Stop upload on rate limit

What is the problem you are having with rclone?

Is there any way to stop uploads upon rate limit failure?
I have a cron scheduled task that uploads every 20 minutes but i'd like it to stop trying if i'm rate limited by google.
I want it to do this because i don't know what kind of resources are used or anything that happens when rclone just keeps trying to upload until the next day.

here's how i do the uploading

/usr/bin/rclone move --transfers=6 --config /opt/rclone/rclone.conf --no-traverse --bwlimit 8.5M --buffer-size 0 --use-mmap /home/user/rtorrent/upload/movies/ drive:media/movies/
/usr/bin/rclone move --transfers=6 --config /opt/rclone/rclone.conf --no-traverse --bwlimit 8.5M --buffer-size 0 --use-mmap /home/user/rtorrent/upload/tv/ drive:media/tv/
find /home/user/rtorrent/upload/movies/* -empty -type d -delete 2>/dev/null
find /home/user/rtorrent/upload/tv/* -empty -type d -delete 2>/dev/null
flock -xn /home/user/bin/locks/upload.lck -c "/home/user/bin/"

What is your rclone version (output from rclone version)


Which OS you are using and how many bits (eg Windows 7, 64 bit)


Which cloud storage system are you using? (eg Google Drive)

Google Drive

You are hitting the max upload quota pr Day 750GB. Set bwlimit to 8M then you wont hit your quota.

respectfully, that isn't at all even addressing my question
you told me 2 things i already know

  1. im hitting quota
  2. you can already see that im using 8.5 bwlimit above

403 rate limits can mean more than 1 thing unfortunately so rclone won't know you hit your limit.

You can lower the rertries to it fails sooner.

He suggested to move down your bwlimit from 8.5 to 8 to help ensure you don't hit the daily limit.

Unfortunately I don't think such a feature exists yet.
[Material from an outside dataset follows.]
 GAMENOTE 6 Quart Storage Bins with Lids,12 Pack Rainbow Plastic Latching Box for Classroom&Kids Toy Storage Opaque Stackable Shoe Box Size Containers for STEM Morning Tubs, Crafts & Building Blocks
I agree it would be useful to have an option you can set to abort a session if a quota limit is detected - thus preventing the rest of your script from stalling. I've been wanting that myself. Currently I think the only way to do this would be to have an external script parse the output and detect it from error code - but this is convoluted. The problem is that I don't know if you can technically distinguish between rate and quota limits based on the error you get from the server. I don't know enough details on that - but that would be a requirement for this feature to work.
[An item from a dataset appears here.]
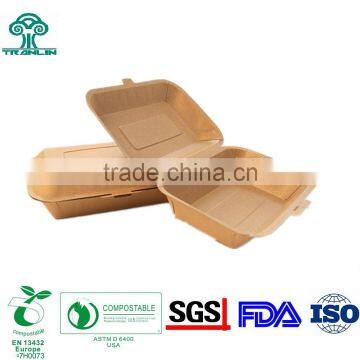 Eco Friendly Biodegradable Wheat Straw Disposable Paper Bento Lunch Box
An alternative could be to have rclone persistently track the total transfers in a day by saving it to a file with timestamps and just making sure it doesn't go over.

Don't confuse rate limiting and quota limiting though. It can be entirely normal to see some rate limiting errors during bursts but rclone will scale it's requests to deal with that. After you hit quota though you won't be able to upload more at all.
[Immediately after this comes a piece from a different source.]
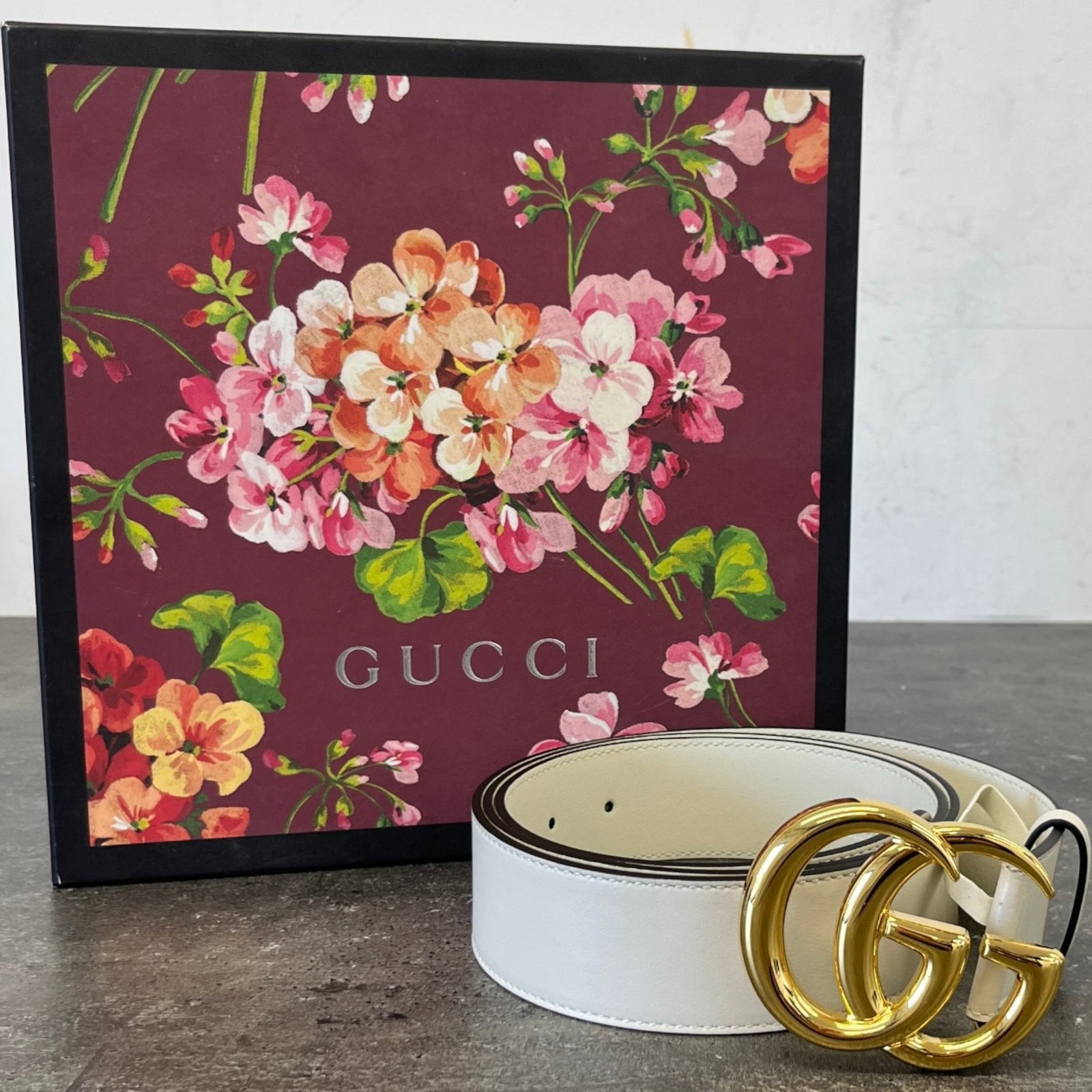 Women's Gg Marmont Belt Cream Size XXL - Photo 8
I would suggest you make an issue for this as a suggestion. Just check real quick to see if it already exists and upvote it instead if it does. I can't remember if I maybe saw an issue for this already somewhere...

I think the best tool we have for the job right now is to set --max-transfer to a limit below your daily quota (currently 750G for a Gdrive to the best of my knowledge - you'll want to limit it to slightly less). It's only going to count that limit pr session though, so it has limited usefulness, but it should do the job just fine if you only need to run a daily sync job. All this would be so much easier if google just had a function to read the remaining quota from the API - but they are notorious for keeping all that stuff unpublished and in the dark.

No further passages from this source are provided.